Teamster civil rights martyr inducted into Labor's International Hall of Fame today

Viola Liuzzo, murdered by the Ku Klux Klan in 1965 for her role in the civil rights movement, is being inducted into Labor's International Hall of Fame today. She was the wife of a Teamster business agent and a heroine to us all.

A recent CNN story describes what happened more than four decades ago:
The murder of Viola Liuzzo was one of the most shocking moments in the civil rights movement. On a winding, isolated road outside Selma, Liuzzo was ambushed and shot to death by a car full of Ku Klux Klansmen. 
She was murdered while giving a ride to a 19-year-old black man, Leroy Moton, one of many civil rights marchers she had driven around Selma. Liuzzo had joined the movement's carpool system soon after arriving in the small Alabama town. Liuzzo's murder became international news. Her photo became a fixture in history books. Her name has been inscribed on civil rights memorials throughout the United States. 
But people had far less sympathy for Liuzzo when she was murdered. Hate mail flooded her family's Detroit home, accusing her of being a deranged communist. Crosses were burned in front of the home. Her husband, Anthony Liuzzo Sr., had to hire armed guards to protect his family. 
A Ladies' Home Journal magazine survey taken right after Liuzzo's death asked its readers what kind of woman would leave her family for a civil rights demonstration. The magazine suggested that she had brought death on herself by leaving home -- and 55% of its readers agreed.

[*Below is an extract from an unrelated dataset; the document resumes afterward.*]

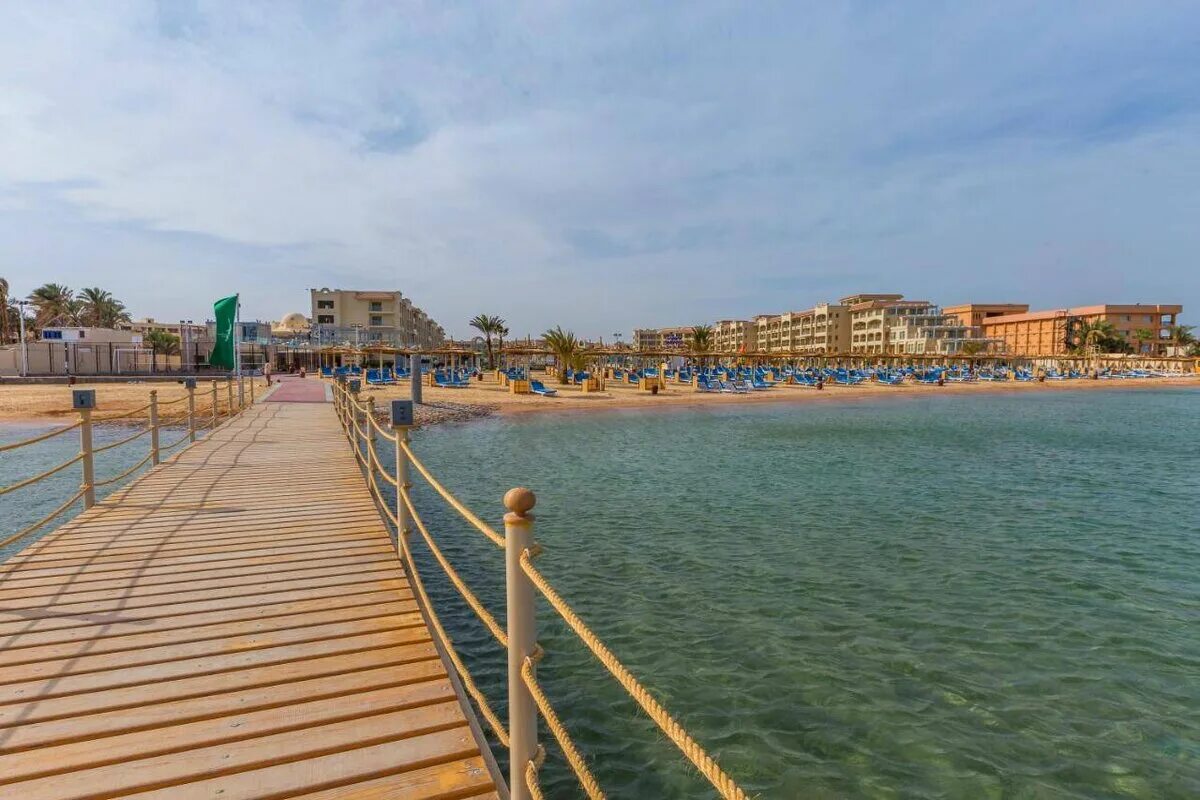 Pickalbatros beach resort hurghada. Альбатрос White Beach Хургада. Бич Альбатрос Резорт Хургада 5. Albatros White Beach 5 Хургада. Альбатрос Вайт Бич Хургада 5.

Viola Liuzzo was murdered in this car on an isolated Alabama highway while she participated in a voting rights campaign in Selma, Alabama.The Hall of Fame is also inducting two other women today:
  • "Big Annie” Clemenc was one of the most visible leaders of the 1913 copper miners’ strike on Michigan’s Keweenaw Peninsula, many times standing between the miners and police while draped in an American flag.
  • And Evelyn Dubrow, a journalist by trade and member of the American Newspaper Guild (now known as The Newspaper Guild/Communications Workers of America), also became a organizer, writer, educator and, in 1956, the chief Washington, D.C., lobbyist for the International Ladies’ Garment Workers, which is now UNITE HERE.
Labor's International Hall of Fame announced the inductees in September in a statement:
These incredible advocates are so deserving of the labor movement’s recognition and remembrance. We look forward to the induction ceremony on May 16, 2013, and making sure the rich histories of sisters Liuzzo, Clemenc and Dubrow are properly remembered.